La betulla

dav

Perché è mio proprio quest’angolo di mondo?

Forse non sono che la continuazione di uno spirito.

 

Guardando dalla finestra dove guardo sempre

oltre la zanzariera sempre fissa, che sembra

di guardare tutto da uno schermo

vedo la betulla che torna verde,

gli abeti rimasti e i bidoni della spazzatura

colorati come piccoli mondi:

bianchi, verdi cupo, marroni, gialli, grigi…

E mi chiedo come mai sia in questo mondo,

proprio in questo, con questo frammento davanti.

Perché è mio proprio quest’angolo di mondo?

Perché sono propria di quest’epoca,

con queste facce, in questo punto della cartina

tra le innumerevoli città, come una manciata

di stelle? Perché un’epoca dove posso scrivere

con una penna automatica o uno schermo?

Cosa (tras)porto dentro?

Forse non sono che la continuazione di uno spirito.

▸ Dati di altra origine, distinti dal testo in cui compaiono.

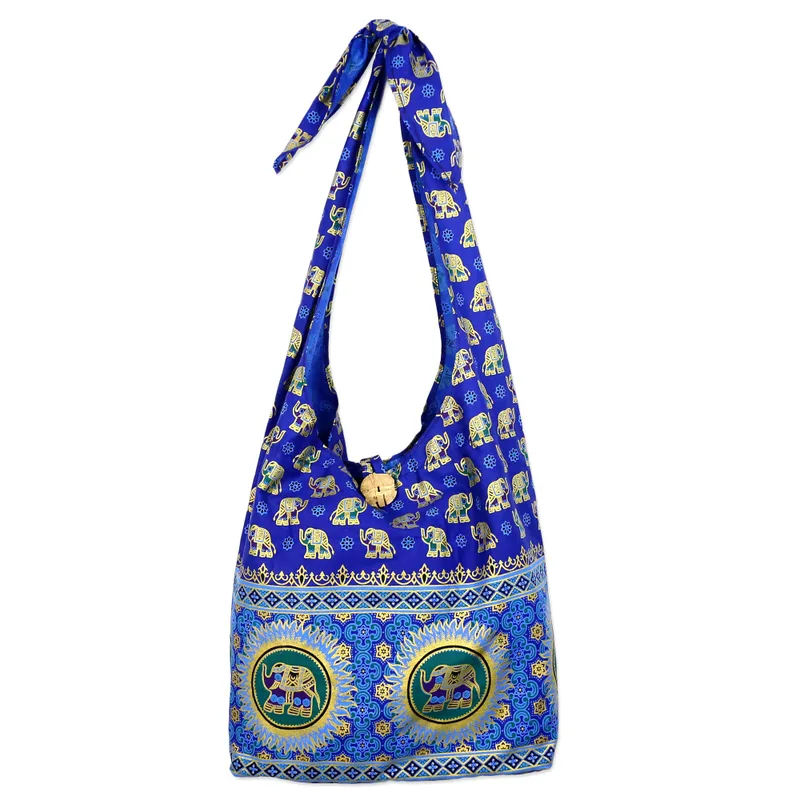 Handmade Blue Cotton Shoulder Bag with Elephant Motif - Royal Thai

Non avrei senso altrimenti, se non per

proseguire uno stato, una visione

che sarà stata d’altri, al posto mio,

prima di me, in posti come questo, ma diversi.

cestinfior
Elementi del collage: immagine dai fascicoli ritagliabili dell’enciclopedia per ragazzi “Il libro delle mie ricerche” e parole ritagliate da libri vari di letteratura e biologia.

 

50 Comments

  1. I colori scelti per la raccolta differenziata sono emblematici del mistero delle scelte umane: va bene scegliere il colore bianco per il bidone della carta, lo capisco; ma perché azzurro per il vetro e il pattume metallico, verde per l’organico e nero per l’indifferenziata? E con quali criteri all’altro lato della strada hanno scelto colori diversi?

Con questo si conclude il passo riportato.